AMD has launched its first sequence of totally open-source 1-billion-parameter giant language fashions (LLMs), referred to as AMD OLMo that’s geared toward a wide range of functions and pre-trained on the corporate’s Intuition MI250 GPUs. The LLMs are mentioned to supply sturdy reasoning, instruction-following, and chat capabilities.
AMD’s open supply LLMs are supposed to enhance the corporate’s place within the AI trade and allow its shoppers (and everybody else) to deploy these open-source fashions with AMD’s {hardware}. By open-sourcing the information, weights, coaching recipes, and code, AMD goals to empower builders to not solely replicate the fashions but additionally construct upon them for additional innovation. Past use in datacenters, AMD has enabled native deployment of OLMo fashions on AMD Ryzen AI PCs outfitted with neural processing models (NPUs), enabling builders to leverage AI fashions on private gadgets.
Multi-stage pre-training
The AMD OLMo fashions had been educated on an enormous dataset of 1.Three trillion tokens on 16 nodes, every with 4 AMD Intuition MI250 GPUs (64 processors in whole). AMD’s OLMo mannequin lineup was educated in three steps.

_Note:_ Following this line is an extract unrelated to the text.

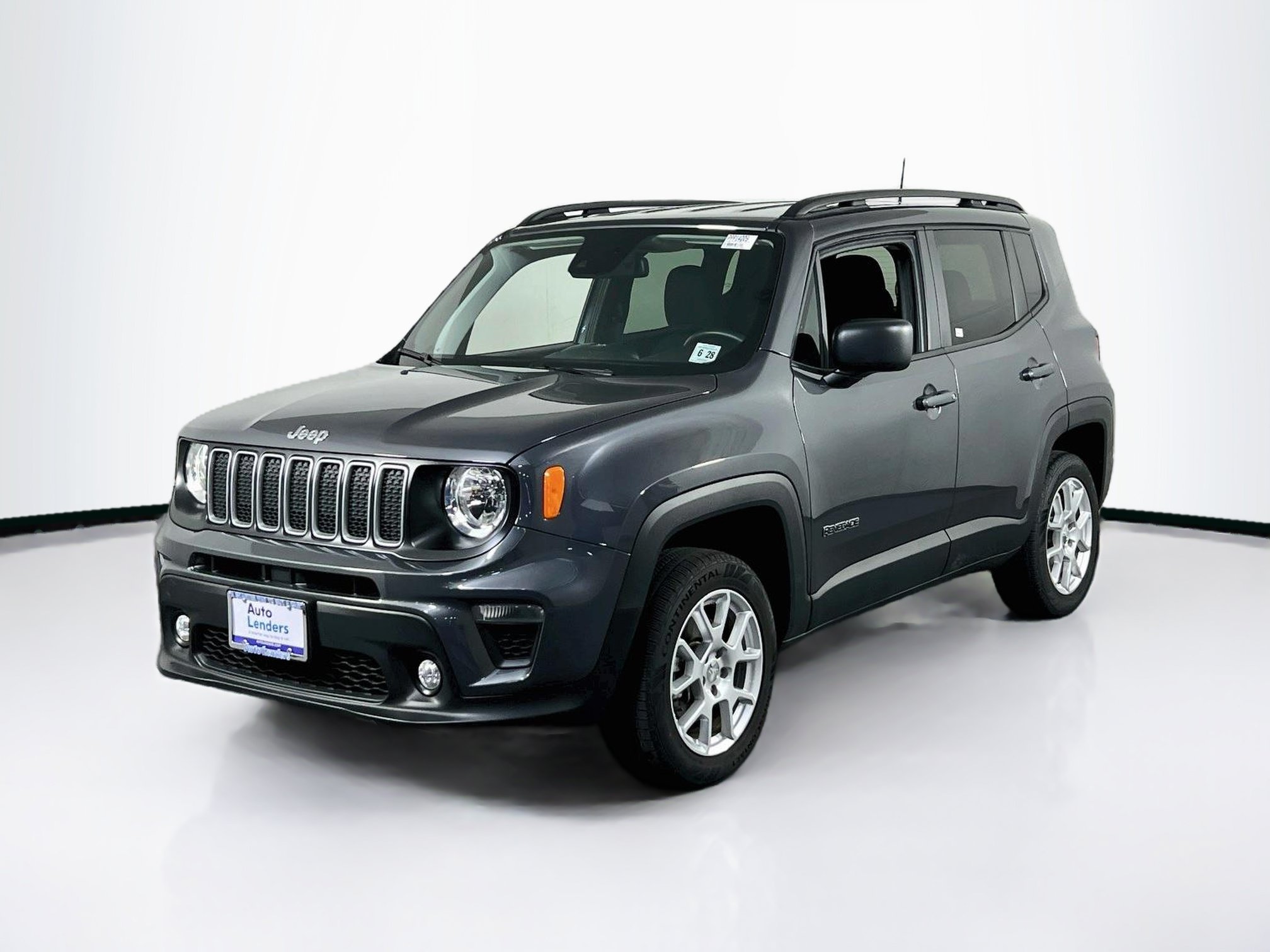 Used 2023 Jeep Renegade Latitude w/ Premium Group AWD/4WD image 1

- The preliminary AMD OLMo 1B pre-trained on a subset of Dolma v1.7 is a decoder-only transformer centered on next-token prediction to seize language patterns and common information.
- The second model is AMD OLMo 1B supervised fine-tuned (SFT) was educated on on Tulu V2 dataset (1st section) after which OpenHermes-2.5, WebInstructSub, and Code-Suggestions datasets (2nd section) to refine its instruction-following and improved its efficiency on duties involving science, coding, and arithmetic.
- After fine-tuning, the AMD OLMo 1B SFT mannequin was aligned to human preferences utilizing Direct Desire Optimization (DPO) with the UltraFeedback dataset, resulting in the ultimate AMD OLMo 1B SFT DPO model to prioritize outputs that align with typical human suggestions.
Efficiency outcomes
In AMD’s personal testing, AMD OLMo fashions confirmed spectacular efficiency in opposition to equally sized open-source fashions, akin to TinyLlama-1.1B, MobiLlama-1B, and OpenELM-1_1B in normal benchmarks for common reasoning capabilities and multi-task understanding.
The 2-phase SFT mannequin noticed vital accuracy enhancements, with MMLU scores growing by 5.09%, and GSM8k by 15.32%, which exhibits affect of AMD’s coaching strategy. The ultimate AMD OLMo 1B SFT DPO mannequin outperformed different open-source chat fashions by at the least 2.60% on common throughout benchmarks.
Relating to instruction-tuning outcomes of AMD OLMo fashions on chat benchmarks, particularly evaluating the AMD OLMo 1B SFT and AMD OLMo 1B SFT DPO fashions with different instruction-tuned fashions, AMD’s fashions outperformed the following finest rival in AlpacaEval 2 Win Charge by +3.41% and AlpacaEval 2 LC Win Charge by +2.29%. Moreover, within the MT-Bench check, which measures multi-turn chat capabilities, the SFT DPO mannequin achieved a +0.97% efficiency achieve over its closest competitor.
Moreover, AMD examined accountable AI benchmarks, akin to ToxiGen (which measures poisonous language, the place a decrease rating is best), crows_pairs (evaluating bias), and TruthfulQA-mc2 (assessing truthfulness in responses). It was discovered that the AMD OLMo fashions had been on par with related fashions in dealing with moral and accountable AI duties.